Better opportunities in Philippines encouraging more Filipino expatriates to come home
Czeriza Valencia (The Philippine Star) - December 1, 2018 - 12:00am

MANILA, Philippines — Experienced and highly-skilled Filipino professionals based in Southeast Asia and the Middle East are expressing their intention to come home as demand and compensation for top professionals in key Philippine industries are now rising, according to a report by professional recruitment firm John Robert Walters.

In its 2019 Salary Survey, the London-based firm said experienced employees in accounting and finance, banking and finance, human resources, sales and marketing, and technology and transformation can realize salary offers that are 20 percent to 60 percent higher if they switch jobs in 2019. This is because employers are now seeking to attract top-tier talent with international exposure and specialized skill sets.

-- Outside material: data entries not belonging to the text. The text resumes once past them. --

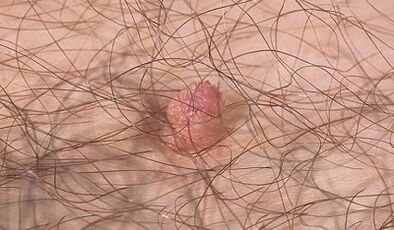 Opportunities to transfer the human papilloma virus
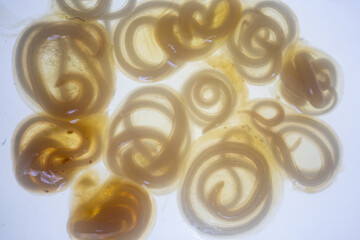 The nematodes (Nematoda), roundworms or eelworms constitute the phylum Nematoda. Species in the...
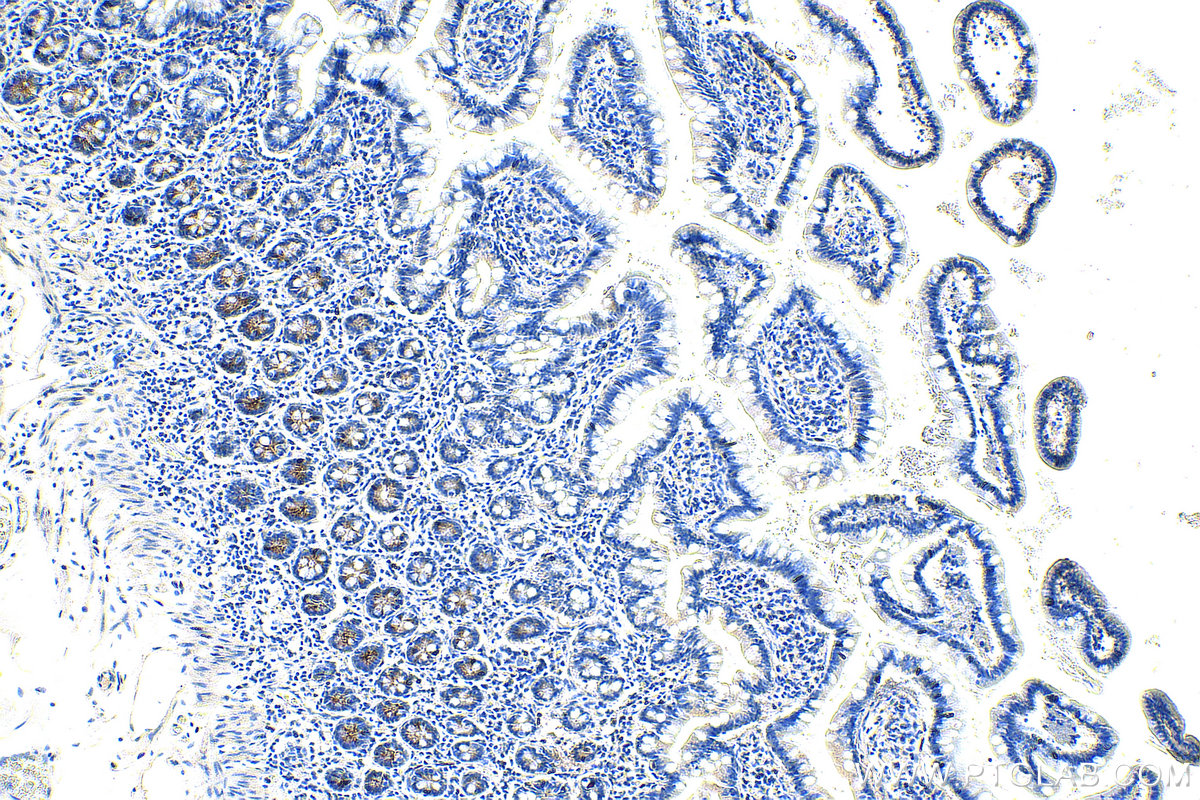 IHC staining of human small intestine using 28432-1-AP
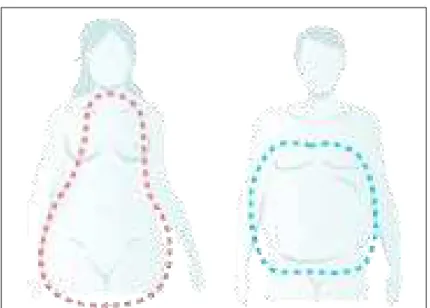 Illustration des obésités androïdes et gynoïdes 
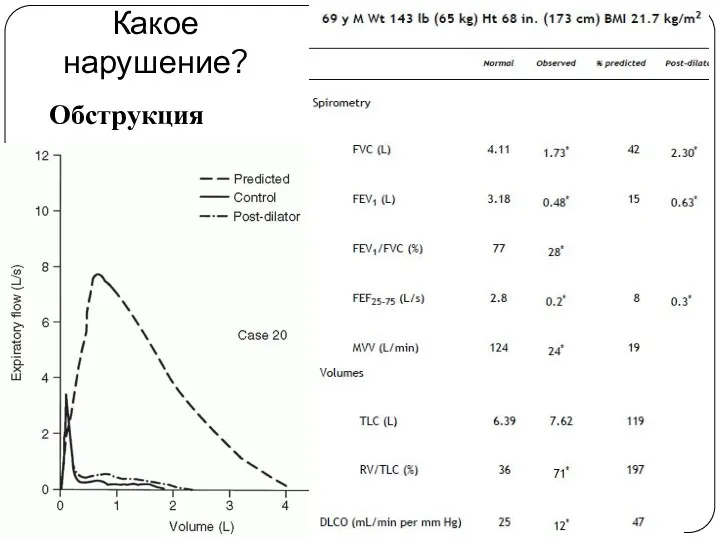 Какое нарушение? Обструкция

Monty Sujanani, Philippine country manager for John Robert Walters, said 2018 already saw salaries rising between 20 percent to 40 percent  for job movers as hiring for mid-level and high-level corporate executives — those with work experience of seven to eight years—become highly candidate-driven owing to the scarcity of top professionals with above 10 years of experience because of the relatively young talent pool of the Philippines.

Recruitment flourished in 2018 amid a relatively stable economic environment influenced by the influx of foreign companies and surging growth in local demand for goods and services.

Overseas Filipino workers (OFWs) who have gained extensive experience abroad stand to directly benefit from developments in the labor market at home. These developments coincide with the launch of John Robert Walter’s Balikbayan Campaign two years ago in an effort to attract OFWs who wish to work in the country again to be with their families.

“We speak to thousands of (OFW) candidates and reach out to candidates all over the world. Sometimes they say no, I’m not ready to move, but when we reach out to them, they tell us, can you tell us about opportunities? To us that is success,” Sujanani said in a recent roundtable with reporters.

More OFWs based in nearby countries in Asia as well as the Middle East have been asking about career opportunities in the Philippines so they can be with their families.

“It’s new; we only started the program in the past two years,” said Sujanani. “But we see more success in people coming from Southeast Asia like Singapore and Malaysia as well as in the Middle East like Dubai. Sometimes, it’s not really about the distance, it’s about how ready they are to move back to be close to family.”

For returnees, increased digitization across industries is causing employers to demand for workers with digital or e-commerce experience.

“There was also a greater demand for niche specialization due to new regulations in the banking and financial services sector, migration activities from abroad, and increasingly digital and cashless banking activities,” said Sujanani.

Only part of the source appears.